[Material to process — start]
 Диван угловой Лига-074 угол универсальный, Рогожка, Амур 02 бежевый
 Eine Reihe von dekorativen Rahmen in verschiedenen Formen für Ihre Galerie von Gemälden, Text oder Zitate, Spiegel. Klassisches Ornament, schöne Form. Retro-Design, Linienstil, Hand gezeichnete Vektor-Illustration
[Material to process — finish]
[Material to process — start]
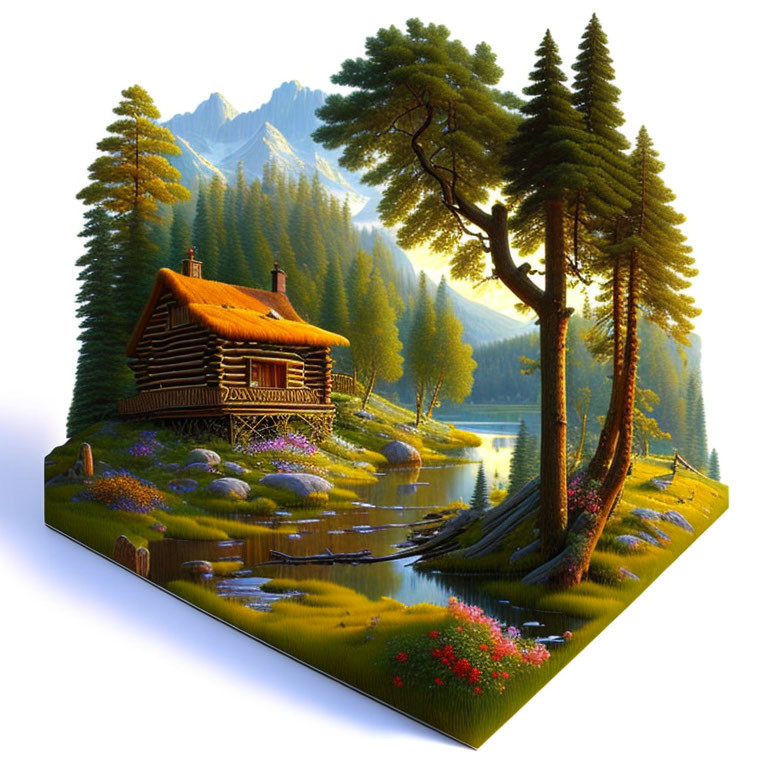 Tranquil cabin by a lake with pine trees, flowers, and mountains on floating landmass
[Material to process — finish]
*Task details:* Reproduce exactly the lines above from the line with "Диван угловой Лига-074" to the line with "Eine Reihe von", including both, and add nothing.

*Solution:*
 Диван угловой Лига-074 угол универсальный, Рогожка, Амур 02 бежевый
 Eine Reihe von dekorativen Rahmen in verschiedenen Formen für Ihre Galerie von Gemälden, Text oder Zitate, Spiegel. Klassisches Ornament, schöne Form. Retro-Design, Linienstil, Hand gezeichnete Vektor-Illustration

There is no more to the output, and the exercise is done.